• _Task details_: Give the count of lines in the entries that include "Avenue", and write nothing besides it.

• _Items listed in a dataset_:
▽

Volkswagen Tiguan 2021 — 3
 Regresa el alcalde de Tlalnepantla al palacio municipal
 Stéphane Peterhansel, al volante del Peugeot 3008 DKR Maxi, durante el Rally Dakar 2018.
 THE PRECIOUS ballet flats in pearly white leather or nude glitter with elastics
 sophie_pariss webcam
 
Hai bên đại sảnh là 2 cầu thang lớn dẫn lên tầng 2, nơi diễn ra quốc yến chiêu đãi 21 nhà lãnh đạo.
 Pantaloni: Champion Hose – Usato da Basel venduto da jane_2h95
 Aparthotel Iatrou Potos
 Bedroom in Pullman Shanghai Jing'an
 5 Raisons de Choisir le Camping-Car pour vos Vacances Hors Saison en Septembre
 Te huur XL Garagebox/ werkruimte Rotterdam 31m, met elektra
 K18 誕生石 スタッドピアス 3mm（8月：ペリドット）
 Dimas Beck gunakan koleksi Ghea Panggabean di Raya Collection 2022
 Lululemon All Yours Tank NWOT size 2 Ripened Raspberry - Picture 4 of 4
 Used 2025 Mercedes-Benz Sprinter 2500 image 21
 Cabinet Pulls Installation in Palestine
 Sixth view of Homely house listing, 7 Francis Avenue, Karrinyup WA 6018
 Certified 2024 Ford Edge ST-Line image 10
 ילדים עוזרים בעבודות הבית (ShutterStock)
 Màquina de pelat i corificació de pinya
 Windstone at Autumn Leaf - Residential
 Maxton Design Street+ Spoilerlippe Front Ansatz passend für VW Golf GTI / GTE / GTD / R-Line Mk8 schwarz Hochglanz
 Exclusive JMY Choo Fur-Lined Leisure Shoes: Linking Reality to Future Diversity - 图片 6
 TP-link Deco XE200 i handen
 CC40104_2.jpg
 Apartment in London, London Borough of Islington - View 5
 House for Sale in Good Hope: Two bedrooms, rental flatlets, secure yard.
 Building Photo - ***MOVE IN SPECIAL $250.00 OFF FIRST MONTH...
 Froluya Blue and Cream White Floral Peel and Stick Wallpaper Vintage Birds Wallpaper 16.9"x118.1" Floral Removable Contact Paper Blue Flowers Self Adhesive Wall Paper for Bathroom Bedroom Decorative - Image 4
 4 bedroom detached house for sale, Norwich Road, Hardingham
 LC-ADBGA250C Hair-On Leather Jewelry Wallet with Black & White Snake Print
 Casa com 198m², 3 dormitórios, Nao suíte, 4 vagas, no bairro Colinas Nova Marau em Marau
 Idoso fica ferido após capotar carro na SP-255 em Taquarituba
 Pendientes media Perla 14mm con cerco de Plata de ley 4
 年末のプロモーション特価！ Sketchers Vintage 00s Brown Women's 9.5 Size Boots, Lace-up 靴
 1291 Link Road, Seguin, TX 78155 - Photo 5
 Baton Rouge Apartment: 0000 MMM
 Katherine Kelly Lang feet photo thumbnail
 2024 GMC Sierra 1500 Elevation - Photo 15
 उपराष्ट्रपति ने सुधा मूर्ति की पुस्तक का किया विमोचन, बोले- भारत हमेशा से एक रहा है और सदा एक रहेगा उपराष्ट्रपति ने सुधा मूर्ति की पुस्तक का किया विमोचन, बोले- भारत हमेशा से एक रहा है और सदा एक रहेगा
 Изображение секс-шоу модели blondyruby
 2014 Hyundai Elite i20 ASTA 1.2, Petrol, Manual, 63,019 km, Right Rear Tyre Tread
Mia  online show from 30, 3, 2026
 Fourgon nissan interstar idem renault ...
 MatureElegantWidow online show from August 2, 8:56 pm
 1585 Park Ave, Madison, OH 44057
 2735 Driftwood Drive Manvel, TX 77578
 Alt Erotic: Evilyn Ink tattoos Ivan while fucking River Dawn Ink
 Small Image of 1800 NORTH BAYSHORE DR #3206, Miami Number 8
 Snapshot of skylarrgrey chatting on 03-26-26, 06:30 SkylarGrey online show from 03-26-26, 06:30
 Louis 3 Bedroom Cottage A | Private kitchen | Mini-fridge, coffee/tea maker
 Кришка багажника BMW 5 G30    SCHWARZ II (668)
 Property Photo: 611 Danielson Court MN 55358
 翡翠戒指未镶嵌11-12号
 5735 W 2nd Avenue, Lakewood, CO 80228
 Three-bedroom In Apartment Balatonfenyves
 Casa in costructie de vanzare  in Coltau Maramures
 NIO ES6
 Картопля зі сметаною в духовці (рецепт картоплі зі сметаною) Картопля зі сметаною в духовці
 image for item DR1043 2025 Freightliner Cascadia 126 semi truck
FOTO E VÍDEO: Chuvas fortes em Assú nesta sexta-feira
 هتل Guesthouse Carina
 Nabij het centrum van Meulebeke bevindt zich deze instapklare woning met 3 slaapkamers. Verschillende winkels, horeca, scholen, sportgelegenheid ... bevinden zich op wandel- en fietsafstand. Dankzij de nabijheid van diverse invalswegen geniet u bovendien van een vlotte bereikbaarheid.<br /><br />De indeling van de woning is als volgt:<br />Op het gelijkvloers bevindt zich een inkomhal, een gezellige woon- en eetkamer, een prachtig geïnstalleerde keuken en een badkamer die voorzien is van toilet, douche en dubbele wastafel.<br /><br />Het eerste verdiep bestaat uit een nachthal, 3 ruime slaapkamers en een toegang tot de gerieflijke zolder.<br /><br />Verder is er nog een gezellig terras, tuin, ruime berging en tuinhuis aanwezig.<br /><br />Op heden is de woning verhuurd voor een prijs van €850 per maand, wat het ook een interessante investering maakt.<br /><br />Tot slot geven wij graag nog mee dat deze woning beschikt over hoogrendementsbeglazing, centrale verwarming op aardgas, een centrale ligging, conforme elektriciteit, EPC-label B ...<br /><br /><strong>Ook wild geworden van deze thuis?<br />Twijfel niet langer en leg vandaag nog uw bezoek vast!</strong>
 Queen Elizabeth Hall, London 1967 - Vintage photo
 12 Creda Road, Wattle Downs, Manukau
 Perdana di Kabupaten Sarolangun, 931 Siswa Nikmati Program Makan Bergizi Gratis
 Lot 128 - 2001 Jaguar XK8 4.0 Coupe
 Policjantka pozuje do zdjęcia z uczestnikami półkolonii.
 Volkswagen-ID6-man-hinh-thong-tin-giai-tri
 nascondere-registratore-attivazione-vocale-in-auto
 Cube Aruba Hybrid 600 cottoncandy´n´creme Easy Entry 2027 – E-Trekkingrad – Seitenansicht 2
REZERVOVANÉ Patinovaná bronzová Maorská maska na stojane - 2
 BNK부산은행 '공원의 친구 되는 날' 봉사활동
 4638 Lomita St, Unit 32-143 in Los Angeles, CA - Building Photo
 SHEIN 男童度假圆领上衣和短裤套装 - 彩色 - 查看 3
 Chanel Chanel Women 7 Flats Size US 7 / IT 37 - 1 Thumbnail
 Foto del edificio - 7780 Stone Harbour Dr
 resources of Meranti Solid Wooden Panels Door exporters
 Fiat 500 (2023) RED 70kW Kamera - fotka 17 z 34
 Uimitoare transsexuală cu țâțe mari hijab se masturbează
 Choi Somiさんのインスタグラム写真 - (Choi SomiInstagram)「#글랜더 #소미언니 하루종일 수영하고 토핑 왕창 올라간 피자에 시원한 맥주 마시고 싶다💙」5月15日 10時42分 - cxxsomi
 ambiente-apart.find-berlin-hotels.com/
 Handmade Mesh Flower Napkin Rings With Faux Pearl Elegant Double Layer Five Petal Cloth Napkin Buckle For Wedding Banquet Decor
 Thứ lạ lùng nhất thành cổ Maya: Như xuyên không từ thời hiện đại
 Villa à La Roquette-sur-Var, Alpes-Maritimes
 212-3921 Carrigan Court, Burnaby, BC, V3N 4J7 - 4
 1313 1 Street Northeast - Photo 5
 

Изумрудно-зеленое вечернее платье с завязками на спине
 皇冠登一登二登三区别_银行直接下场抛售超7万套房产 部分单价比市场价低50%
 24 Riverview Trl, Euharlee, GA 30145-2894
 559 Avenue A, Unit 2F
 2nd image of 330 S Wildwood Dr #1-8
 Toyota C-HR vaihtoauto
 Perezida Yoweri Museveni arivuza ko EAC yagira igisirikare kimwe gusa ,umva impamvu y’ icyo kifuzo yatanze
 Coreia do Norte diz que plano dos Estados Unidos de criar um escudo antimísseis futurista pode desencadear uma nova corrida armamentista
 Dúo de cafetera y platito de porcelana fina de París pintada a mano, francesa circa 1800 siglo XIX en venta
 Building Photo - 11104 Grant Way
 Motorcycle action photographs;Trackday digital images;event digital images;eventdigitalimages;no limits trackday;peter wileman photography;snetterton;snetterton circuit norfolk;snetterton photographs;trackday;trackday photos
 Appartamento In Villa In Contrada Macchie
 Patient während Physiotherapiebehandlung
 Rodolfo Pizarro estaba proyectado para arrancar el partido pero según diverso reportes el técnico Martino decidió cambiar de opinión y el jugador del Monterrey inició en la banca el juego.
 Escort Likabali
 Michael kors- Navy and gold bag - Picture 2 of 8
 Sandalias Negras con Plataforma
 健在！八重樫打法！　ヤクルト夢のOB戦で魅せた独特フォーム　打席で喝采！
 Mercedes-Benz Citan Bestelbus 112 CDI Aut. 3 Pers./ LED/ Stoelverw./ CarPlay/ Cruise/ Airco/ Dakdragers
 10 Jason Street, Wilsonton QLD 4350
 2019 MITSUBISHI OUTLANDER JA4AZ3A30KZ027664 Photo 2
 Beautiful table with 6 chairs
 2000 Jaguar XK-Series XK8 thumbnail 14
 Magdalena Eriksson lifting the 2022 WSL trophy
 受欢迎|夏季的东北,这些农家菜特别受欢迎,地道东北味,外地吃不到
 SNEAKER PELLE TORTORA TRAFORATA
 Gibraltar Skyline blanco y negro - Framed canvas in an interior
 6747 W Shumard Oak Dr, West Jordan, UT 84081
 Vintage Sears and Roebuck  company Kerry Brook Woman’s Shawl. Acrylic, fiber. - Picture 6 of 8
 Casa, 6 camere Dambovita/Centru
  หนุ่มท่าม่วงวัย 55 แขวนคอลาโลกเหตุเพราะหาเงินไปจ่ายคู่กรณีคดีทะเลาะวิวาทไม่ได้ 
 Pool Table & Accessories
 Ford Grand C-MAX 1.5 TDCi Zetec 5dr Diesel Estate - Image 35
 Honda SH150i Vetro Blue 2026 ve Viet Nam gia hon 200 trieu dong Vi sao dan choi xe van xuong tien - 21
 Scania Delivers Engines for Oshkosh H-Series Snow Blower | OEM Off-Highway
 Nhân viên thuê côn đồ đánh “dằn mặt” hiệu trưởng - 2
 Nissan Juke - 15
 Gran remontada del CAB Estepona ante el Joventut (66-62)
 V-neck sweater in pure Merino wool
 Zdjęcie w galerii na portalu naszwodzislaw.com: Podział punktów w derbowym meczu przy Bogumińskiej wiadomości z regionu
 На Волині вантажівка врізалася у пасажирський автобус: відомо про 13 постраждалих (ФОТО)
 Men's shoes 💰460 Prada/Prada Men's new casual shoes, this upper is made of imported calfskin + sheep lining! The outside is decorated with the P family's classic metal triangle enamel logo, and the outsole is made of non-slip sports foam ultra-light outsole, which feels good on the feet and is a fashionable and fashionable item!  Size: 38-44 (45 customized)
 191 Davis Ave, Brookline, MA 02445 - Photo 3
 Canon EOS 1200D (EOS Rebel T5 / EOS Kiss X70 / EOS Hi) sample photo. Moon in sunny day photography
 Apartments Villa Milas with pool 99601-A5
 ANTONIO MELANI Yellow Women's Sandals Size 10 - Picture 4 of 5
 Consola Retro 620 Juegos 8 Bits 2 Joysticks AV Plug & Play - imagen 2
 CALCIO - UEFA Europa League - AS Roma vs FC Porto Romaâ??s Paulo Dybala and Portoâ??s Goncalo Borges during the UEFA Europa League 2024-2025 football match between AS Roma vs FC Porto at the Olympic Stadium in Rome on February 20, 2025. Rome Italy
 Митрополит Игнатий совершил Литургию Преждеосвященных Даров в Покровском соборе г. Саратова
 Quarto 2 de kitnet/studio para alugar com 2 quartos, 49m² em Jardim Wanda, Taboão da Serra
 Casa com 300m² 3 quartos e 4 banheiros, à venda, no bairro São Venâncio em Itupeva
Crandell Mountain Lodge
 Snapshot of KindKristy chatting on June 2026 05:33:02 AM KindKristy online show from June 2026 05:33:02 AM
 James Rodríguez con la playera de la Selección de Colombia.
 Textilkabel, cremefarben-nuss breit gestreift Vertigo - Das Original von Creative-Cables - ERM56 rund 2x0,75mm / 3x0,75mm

△

• _Answer_: 3